One difficulty with positivism is what constitutes a proof in non-physical sciences. Obviously we can’t separate things analogously to the way we isolate photons. And we don’t have a way to repeat experiments and we can’t be sure we understand all the relevant considerations or their magnitude at any point in time, and anyway, people change, societies change and context is controlling.

Besides positivism, neoliberalism is centered on utilitarianism. We can see this in the writings of the inventor of marginal utility, William Stanley Jevons, as I note here. We also see it in Pareto Efficiency. These ideas, and positivism generally, are very useful in rationalizing the production of goods and services.

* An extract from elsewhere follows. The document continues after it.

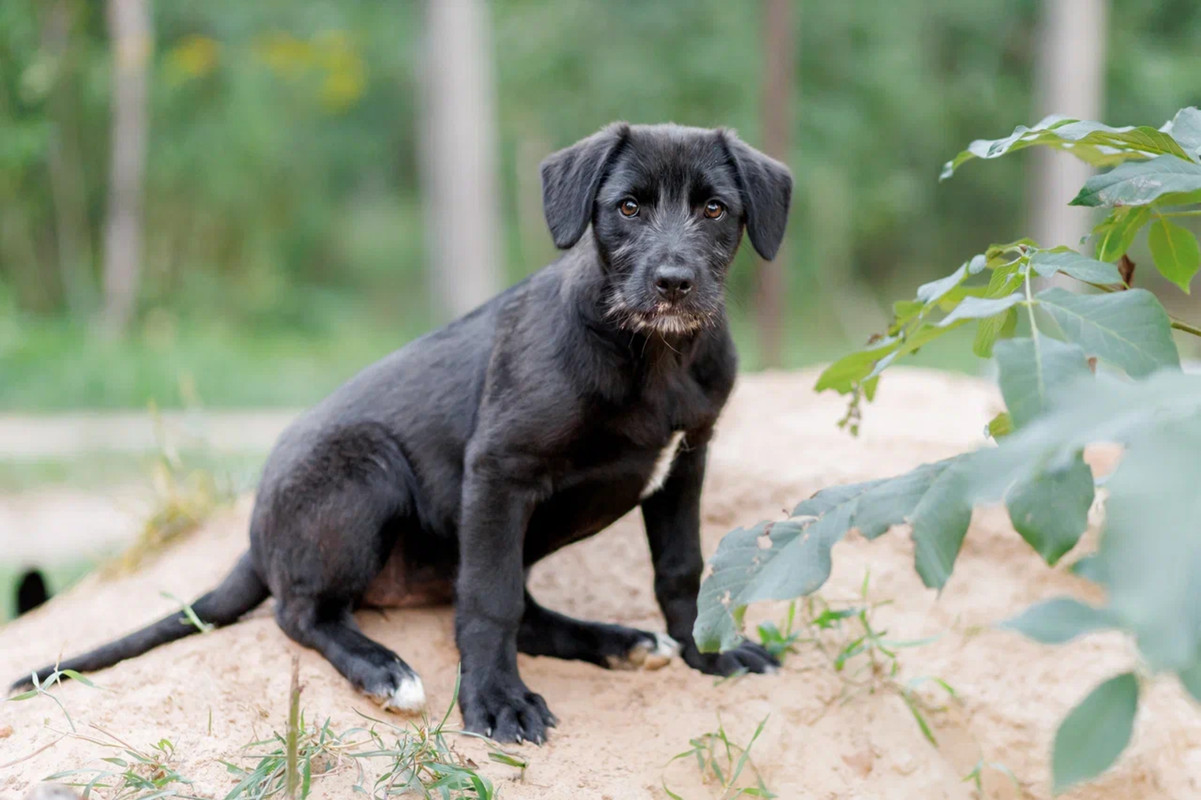 resize-image-online.com_2jpg_hHpMFhDe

According to the Frankfurt School the theory that positivism provides the only authentic truth is central to the Enlightenment. Ideas and theories that cannot be proved according to the requirements of positivism cannot be taken seriously. The drive to extreme positivism leads us to ignore concepts like love, social cooperation, justice, morals and all intellectual concepts because they cannot be measured and are inconsistent over time and across societies. As an example, Keynes says that “animal spirits” lead development and stock markets. How do we measure animal spirits? Positivism tells us to find a formula to replace those concepts. Eventually it leads us to focus all our energy and attention on production for profit because that is tangible.

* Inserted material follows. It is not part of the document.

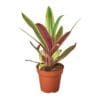 Find the best garden center near me for a stunning plant in a pot with vibrant red and green leaves.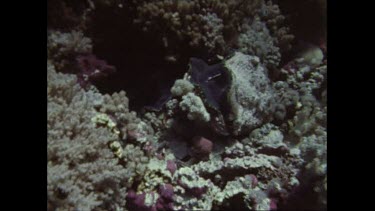 Giant clam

Critical theory rejects another underlying assumption of positivism, the absolute separation of subject and object. In order to study something, it must be segregated from other things. When one person studies another, the investigator must treat the other person as an object. If the object changes, we have to assume that the changes are measurable and predictable. In the same way, when the ruler deals with the subject, the kings treat citizens as objects, and employers treat employees as objects.

To put this in our time, Facebook algorithms treat users as objects and the company sets out to draw a picture of the not-exactly-human user so as to exploit it for profit. Facebook also allows others to use its tools to exploit for profit or for other purposes.

Every society has a system for deciding what goods and services it will produce and a system for dividing up the goods and services it produces. These systems cannot be addressed easily in a positivist framework because there is no way to predict outcomes with any certainty, and because we don’t have a scientific way to assess the quality of the current system, let alone a new arrangement. For that reason, the Frankfurt School claims that positivism reinforces the status quo, and cements it for the benefit of the current group of elites.

The effect of this extreme positivism is to reduce or eliminate imagination by focusing people’s attention on the immediate present. The emphasis on work means that people have less time and energy to think about societal issues.

This all seems terribly arid. Or boring, your choice. But it describes our putrid politics. Lambert Strether analyzed the Sanders/Klobuchar vs. Graham/Cassidy debate at Naked Capitalism; I highly recommend it. Here’s Amy Klobuchar, fn omitted:

KLOBUCHAR: [Y]ou can have things available to you like treatment, right, but if it’s too expensive, is it really available to you? And if you see a Ferrari in a car lot, well, it’s available to you, but you can’t really buy it. And that is the problem if the prices skyrocket.

So it’s doing something immediately to stabilize these prices, but then in the long term making sure we can make health care more affordable. Bernie has one idea; I have some others. And we can talk about them later.

As Lambert Strether shows, Sanders can talk about both now, while Klobuchar can’t, and it’s because she can’t imagine that kind of change as a real possibility. She can’t formulate a radically different vision of society. And that’s the problem facing the whole Democratic Party and especially its last presidential candidate.